Largely unacknowledged as such, a fourth arm of the defence forces is shaping our world.

A futurist might mention space forces but after army, navy and air force, there is already a more potent factor at work. It goes back a hundred years and has gone through phases of being in and out of fashion.

It is economic warfare. This has evolved to become almost the first tool out of the locker when diplomacy begins to falter. Often sanctions come to mind, but this strand has depth and prevalence that go far beyond the daily grind of punitive measures.

The more politely packaged theme of “economic security” was explored last week at London’s Chatham House by the UK’s low-profile and efficient Deputy Prime Minister, Oliver Dowden.

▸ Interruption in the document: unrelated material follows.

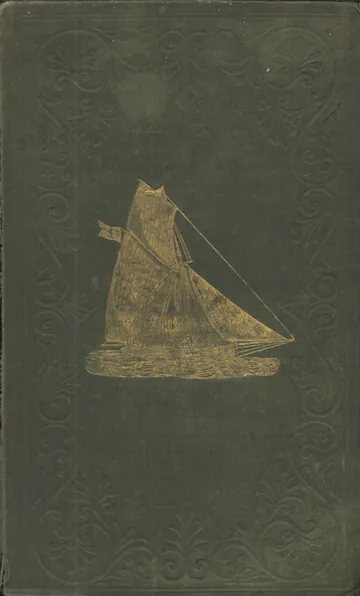 A Yacht Voyage to Norway, Denmark, and Sweden by William A. Ross, book cover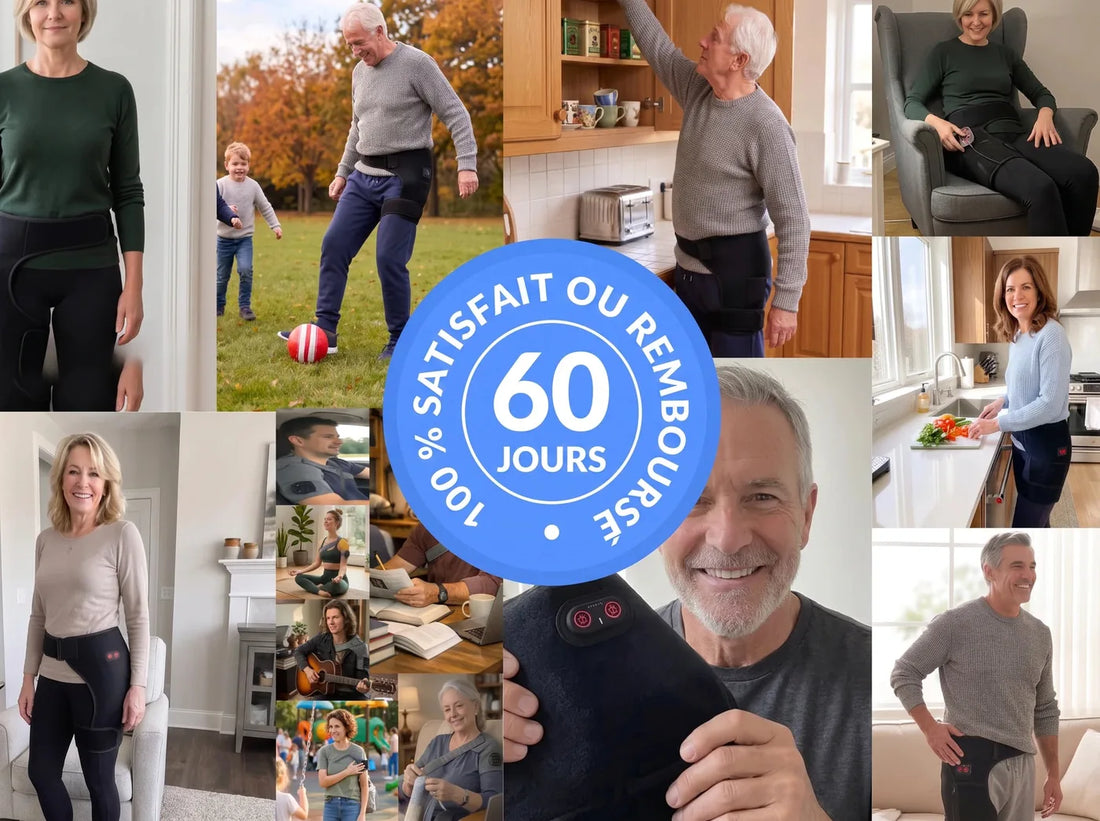 60-day money-back guarantee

Speaking in detail of his responsibilities, Mr Dowden left little doubt that the ratchet is being progressively tightened on the national security impact of investment and trade. As one of his colleagues revealed recently, there is a cabinet consensus that the UK is in a pre-war (as opposed to a post-Cold War) era.

Mr Dowden was asked to address the elephant in the room: that the UK’s laws are not only designed to blunt Chinese economic expansion but that the legislation also enforces a US lead.

Contrasting to the Cold War parallels, he vowed that while the UK would not decouple from China it would de-risk. In the spirit of honesty, he added, London’s rules would constantly adapt to reinforce this process.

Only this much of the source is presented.